=== Aim of the task ===
Copy only those lines which run from the line containing "Used 2016 Jeep" to the end of the entries below, both inclusive, exactly as written and with no pictures.

=== Records supplied ===
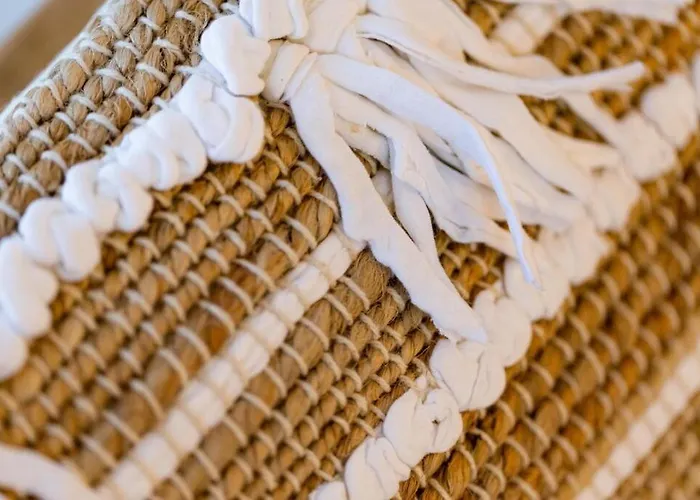 호텔 Bluesea 아피토스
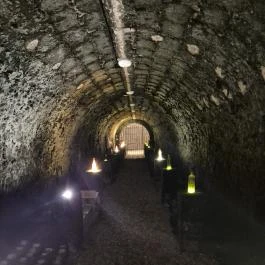 gróf Degenfeld Kastélyszálló, Tarcal - Belső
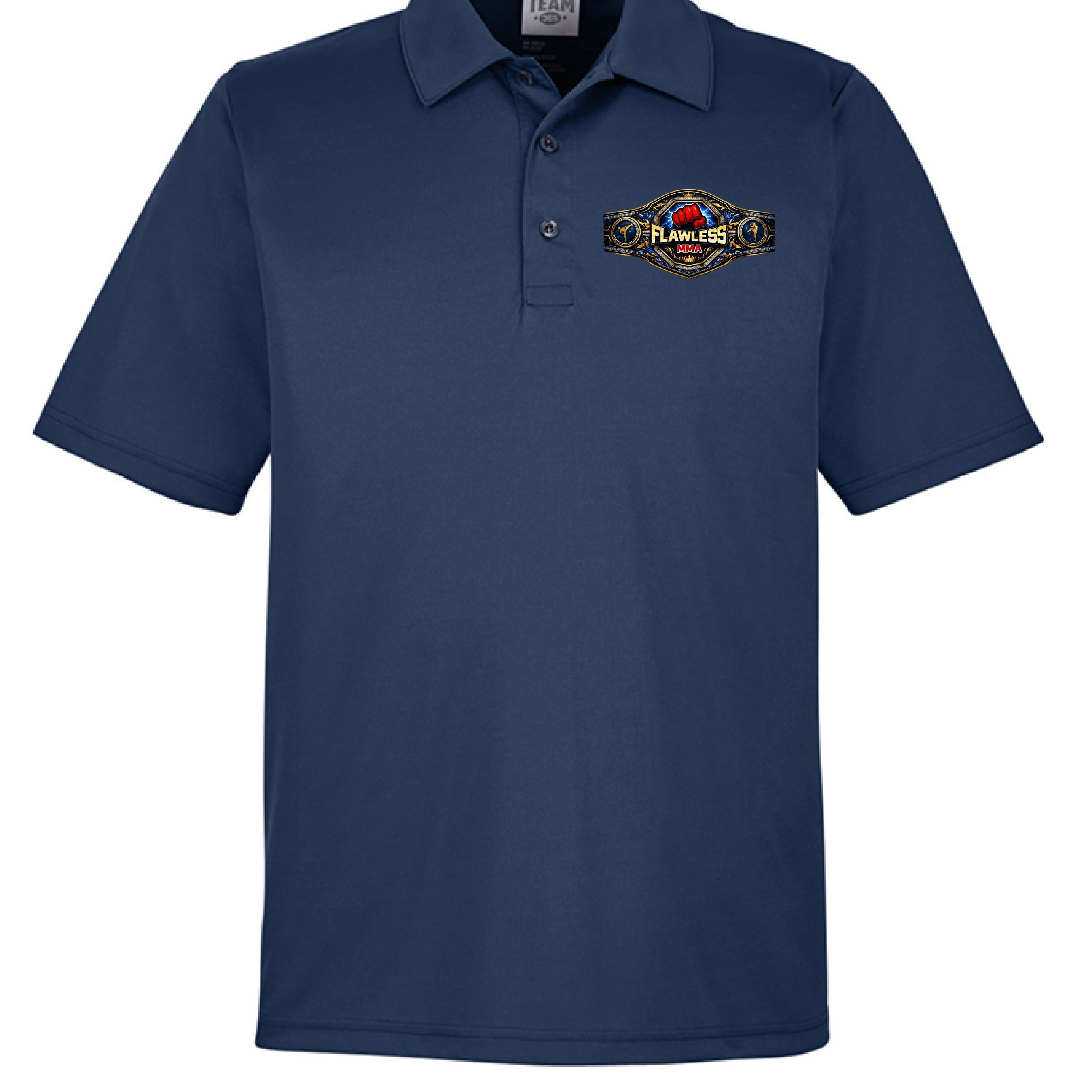 SPORT DARK NAVY - FRONT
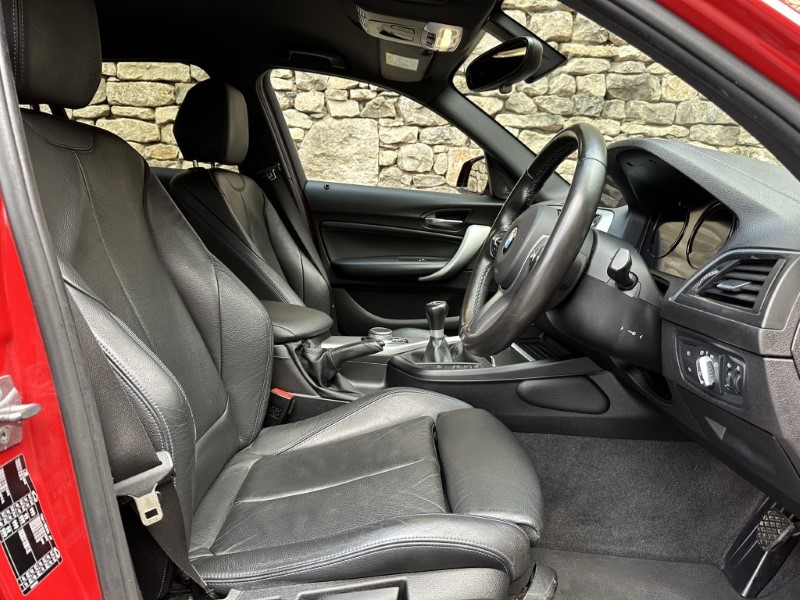 2019 (19) BMW 1 SERIES 118i [1.5] M Sport Shadow Edition 5dr 4895818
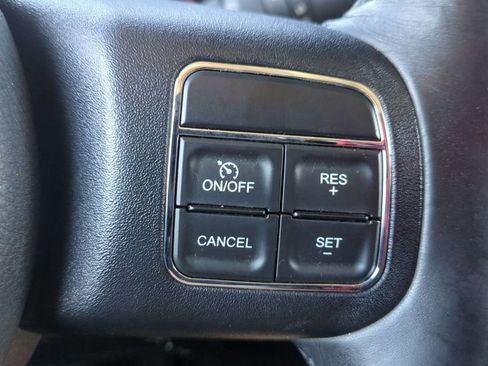 Used 2016 Jeep Wrangler Unlimited Sahara w/ Dual Top Group image 16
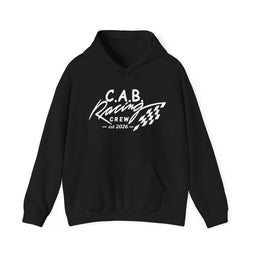 Hoodie - C.A.B. Racing Crew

=== Solution ===
 Used 2016 Jeep Wrangler Unlimited Sahara w/ Dual Top Group image 16
 Hoodie - C.A.B. Racing Crew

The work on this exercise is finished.